Vorab: Das ist kein Plädoyer für Schläge, sondern lediglich ein Erklärungsversuch.
Wenn man davon ausgeht, dass ein Kind als Strafe für ein Vergehen geschlagen wird, das es auch als solches erkennt, besteht eine für das Kind nachvollziehbare Logik zwischen Vergehen und Schlägen.
Beispiel: Uns Kindern war streng verboten, in einem still gelegten, einsturzgefährdeten Bergwerkschacht zu spielen. Natürlich taten wir es trotzdem und natürlich wurden wir erwischt und kassierten samt und sonders eine Abreibung, die aus dem Versohlen unserer Hinterteile bestand - wir bezogen also Schläge.

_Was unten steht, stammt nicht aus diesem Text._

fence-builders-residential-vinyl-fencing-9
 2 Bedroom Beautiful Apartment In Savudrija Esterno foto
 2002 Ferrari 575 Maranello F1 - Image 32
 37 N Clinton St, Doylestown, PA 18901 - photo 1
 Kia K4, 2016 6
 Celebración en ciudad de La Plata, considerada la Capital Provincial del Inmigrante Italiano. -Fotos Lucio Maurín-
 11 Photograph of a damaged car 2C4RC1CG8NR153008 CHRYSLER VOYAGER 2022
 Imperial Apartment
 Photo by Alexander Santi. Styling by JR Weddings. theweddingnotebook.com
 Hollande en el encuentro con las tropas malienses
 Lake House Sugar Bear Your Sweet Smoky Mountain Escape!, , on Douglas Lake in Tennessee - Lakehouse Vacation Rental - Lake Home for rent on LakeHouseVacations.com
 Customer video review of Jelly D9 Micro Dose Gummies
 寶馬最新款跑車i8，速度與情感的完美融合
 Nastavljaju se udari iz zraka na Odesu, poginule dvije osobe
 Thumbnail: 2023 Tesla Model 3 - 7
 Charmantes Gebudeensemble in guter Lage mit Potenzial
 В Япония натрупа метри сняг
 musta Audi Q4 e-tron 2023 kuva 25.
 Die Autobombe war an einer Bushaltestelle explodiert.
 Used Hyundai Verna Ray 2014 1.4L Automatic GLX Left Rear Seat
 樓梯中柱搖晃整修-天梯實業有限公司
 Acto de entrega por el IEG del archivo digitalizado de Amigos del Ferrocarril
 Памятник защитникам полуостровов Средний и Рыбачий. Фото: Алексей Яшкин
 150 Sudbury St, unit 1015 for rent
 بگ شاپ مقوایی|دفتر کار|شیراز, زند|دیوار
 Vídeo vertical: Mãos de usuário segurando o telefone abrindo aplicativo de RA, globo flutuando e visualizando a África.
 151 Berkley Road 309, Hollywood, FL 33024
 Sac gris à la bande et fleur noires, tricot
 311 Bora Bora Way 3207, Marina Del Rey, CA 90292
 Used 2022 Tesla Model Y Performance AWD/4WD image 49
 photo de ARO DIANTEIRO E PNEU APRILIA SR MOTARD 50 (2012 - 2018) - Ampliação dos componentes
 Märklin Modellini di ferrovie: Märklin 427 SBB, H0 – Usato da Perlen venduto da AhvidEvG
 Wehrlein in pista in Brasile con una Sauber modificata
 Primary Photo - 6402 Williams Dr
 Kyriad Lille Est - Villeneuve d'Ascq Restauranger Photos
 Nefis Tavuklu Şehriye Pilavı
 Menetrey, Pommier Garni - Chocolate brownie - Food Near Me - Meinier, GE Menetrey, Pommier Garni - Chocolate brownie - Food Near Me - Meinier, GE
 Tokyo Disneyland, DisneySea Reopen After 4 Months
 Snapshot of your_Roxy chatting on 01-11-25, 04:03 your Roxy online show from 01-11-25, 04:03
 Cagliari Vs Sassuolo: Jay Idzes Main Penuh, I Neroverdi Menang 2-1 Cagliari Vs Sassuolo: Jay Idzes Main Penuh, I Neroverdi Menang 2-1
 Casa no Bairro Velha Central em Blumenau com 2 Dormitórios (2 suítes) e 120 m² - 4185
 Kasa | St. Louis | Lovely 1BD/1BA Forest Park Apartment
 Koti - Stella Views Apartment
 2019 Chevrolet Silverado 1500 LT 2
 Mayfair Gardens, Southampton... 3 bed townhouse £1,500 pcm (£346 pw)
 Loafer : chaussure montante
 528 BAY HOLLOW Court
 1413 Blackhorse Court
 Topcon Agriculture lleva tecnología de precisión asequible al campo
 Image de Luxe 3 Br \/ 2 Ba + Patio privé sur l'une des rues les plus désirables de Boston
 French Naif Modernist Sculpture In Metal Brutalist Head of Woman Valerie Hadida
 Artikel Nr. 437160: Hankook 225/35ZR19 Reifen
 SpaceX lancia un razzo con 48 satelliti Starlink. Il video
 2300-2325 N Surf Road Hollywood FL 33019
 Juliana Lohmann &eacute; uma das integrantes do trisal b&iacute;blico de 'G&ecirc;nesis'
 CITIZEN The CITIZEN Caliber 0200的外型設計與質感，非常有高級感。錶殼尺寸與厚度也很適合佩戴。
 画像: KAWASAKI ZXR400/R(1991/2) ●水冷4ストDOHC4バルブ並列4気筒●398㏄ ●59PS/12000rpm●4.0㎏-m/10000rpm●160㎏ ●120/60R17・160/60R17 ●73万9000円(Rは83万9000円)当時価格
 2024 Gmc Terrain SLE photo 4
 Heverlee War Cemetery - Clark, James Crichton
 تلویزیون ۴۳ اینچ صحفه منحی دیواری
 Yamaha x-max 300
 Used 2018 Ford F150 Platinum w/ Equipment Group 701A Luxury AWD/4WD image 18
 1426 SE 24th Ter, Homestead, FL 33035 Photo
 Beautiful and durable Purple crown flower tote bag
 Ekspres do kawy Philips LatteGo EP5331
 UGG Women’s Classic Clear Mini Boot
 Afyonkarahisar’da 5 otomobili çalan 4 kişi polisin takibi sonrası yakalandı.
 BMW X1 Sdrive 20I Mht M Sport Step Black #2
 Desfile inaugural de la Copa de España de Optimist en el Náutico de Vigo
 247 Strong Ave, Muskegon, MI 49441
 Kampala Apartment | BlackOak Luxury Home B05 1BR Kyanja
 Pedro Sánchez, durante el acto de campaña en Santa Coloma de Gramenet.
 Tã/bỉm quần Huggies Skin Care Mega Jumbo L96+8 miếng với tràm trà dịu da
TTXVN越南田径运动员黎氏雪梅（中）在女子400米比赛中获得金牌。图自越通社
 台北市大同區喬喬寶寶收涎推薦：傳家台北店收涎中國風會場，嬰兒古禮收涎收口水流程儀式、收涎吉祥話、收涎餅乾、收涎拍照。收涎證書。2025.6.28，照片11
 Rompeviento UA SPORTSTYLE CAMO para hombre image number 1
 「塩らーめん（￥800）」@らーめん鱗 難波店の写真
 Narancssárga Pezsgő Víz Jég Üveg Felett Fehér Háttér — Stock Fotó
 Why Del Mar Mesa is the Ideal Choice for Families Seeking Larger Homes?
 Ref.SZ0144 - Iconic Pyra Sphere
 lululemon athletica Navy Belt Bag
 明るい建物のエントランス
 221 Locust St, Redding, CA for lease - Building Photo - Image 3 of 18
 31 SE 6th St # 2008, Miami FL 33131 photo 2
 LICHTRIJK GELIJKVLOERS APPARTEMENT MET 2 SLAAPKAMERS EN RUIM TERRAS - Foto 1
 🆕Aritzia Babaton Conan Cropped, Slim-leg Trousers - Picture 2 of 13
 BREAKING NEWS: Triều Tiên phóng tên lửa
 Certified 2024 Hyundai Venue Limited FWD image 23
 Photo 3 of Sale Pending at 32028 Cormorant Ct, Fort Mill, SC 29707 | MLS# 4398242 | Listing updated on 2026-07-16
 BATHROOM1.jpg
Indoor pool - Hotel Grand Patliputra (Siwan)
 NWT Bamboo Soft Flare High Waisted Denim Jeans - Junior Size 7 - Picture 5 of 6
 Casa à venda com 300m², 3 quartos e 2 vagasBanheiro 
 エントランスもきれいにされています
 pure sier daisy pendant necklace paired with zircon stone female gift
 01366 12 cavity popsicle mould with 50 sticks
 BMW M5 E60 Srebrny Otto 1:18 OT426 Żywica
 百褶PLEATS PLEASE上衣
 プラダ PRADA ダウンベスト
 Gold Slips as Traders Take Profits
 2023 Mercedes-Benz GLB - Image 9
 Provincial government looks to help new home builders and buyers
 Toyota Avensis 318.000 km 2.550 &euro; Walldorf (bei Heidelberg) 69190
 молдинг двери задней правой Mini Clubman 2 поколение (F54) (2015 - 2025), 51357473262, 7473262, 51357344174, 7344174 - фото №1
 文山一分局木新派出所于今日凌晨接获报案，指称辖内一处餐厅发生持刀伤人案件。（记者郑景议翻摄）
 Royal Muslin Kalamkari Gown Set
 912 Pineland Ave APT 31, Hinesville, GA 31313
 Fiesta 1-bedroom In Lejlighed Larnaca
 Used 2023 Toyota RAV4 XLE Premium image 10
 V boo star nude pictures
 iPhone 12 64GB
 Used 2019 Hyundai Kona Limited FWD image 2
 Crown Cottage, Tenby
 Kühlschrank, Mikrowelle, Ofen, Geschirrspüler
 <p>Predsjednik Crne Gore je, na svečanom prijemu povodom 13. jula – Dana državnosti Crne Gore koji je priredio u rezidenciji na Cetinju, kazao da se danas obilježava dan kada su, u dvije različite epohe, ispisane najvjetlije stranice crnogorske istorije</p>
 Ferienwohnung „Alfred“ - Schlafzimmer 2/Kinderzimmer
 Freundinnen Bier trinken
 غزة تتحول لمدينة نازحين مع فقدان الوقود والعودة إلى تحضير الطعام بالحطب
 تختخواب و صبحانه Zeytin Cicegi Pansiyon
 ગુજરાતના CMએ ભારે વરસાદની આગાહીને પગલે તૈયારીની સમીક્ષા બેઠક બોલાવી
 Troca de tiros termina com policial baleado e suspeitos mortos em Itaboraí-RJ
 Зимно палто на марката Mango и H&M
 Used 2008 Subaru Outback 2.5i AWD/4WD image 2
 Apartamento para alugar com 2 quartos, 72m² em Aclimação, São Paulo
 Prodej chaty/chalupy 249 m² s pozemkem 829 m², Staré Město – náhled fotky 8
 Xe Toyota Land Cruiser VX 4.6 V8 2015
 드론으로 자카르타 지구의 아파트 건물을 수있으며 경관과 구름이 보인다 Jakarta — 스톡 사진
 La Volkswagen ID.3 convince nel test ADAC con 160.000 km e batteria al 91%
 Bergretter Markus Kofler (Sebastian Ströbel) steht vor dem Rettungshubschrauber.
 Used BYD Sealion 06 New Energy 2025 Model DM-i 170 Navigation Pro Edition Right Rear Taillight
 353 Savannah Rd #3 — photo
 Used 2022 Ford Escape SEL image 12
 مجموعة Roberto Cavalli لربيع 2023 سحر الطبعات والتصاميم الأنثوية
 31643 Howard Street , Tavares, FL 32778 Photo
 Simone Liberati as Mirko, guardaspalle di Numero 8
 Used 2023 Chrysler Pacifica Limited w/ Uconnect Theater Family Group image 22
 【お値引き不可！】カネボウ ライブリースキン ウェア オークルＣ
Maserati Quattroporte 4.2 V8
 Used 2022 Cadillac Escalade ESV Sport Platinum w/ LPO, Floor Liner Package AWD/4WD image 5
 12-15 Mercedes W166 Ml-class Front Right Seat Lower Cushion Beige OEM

Die waren schmerzhaft und unangenehm und führten in diesem Fall dazu, dass wir den Stollen für eine geraume Zeit mieden, einige von uns auch für immer. Genutzt hat es also bedingt etwas, einen Schaden habe ich - soweit ich das beurteilen kann - nicht davongetragen.
In diesem Fall war die Strafe aber etwas, was wir berechnen konnten. Wir kannten das Risiko und gingen es ein. Die Strafe nahmen wir in Kauf.
Schwierig wird es aber nach meinem Gefühl immer dann, wenn die Schläge, die ein Kind bekommt, unberechenbar sind, weil der Schlagende sich selbst und seine Emotionen nicht im Griff hat. Das ist häufig bei Alkoholikern der Fall, aber auch bei Menschen mit psychischen Problemen und fehlender Impulskontrolle.
Für das Kind werden die Schläge nicht - wie in meinem Beispiel - zu einem kalkulierbaren Risiko, sondern zu einem ständig drohenden Damoklesschwert, das über seinem Haupt schwebt. Im Prinzip reicht die Existenz des Kindes aus, um es „schuldig“ zu machen und Schläge herbeizuführen. Das Kind kann sich eigentlich gar nicht „richtig“ verhalten, weil der Schlagende selbst die Ursache für die Schläge ist, nicht ein tatsächliches Fehlverhalten des Kindes.
Das muss zwangsläufig zu einer erheblichen Verunsicherung und Verängstigung beim Kind führen. Es ist ausgeliefert und machtlos und kann nichts tun, um die Schläge zu verhindern. In diesem Fall zerstören Schläge die Seele eines Kindes.
In jedem Fall haben Schläge etwas mit Macht zu tun. Und sie sind - wie jede Strafe - nur wirksam, wenn der Geschlagene die Machtposition des Schlagenden anerkennt.
Ich bin in der Erziehung meiner Kinder hervorragend ohne Schläge ausgekommen. Wenn ich zurückblicke denke ich, mein Vater wäre das auch, aber der gesellschaftliche Kontext war in Bezug auf Strafen damals definitv ein anderer als heute.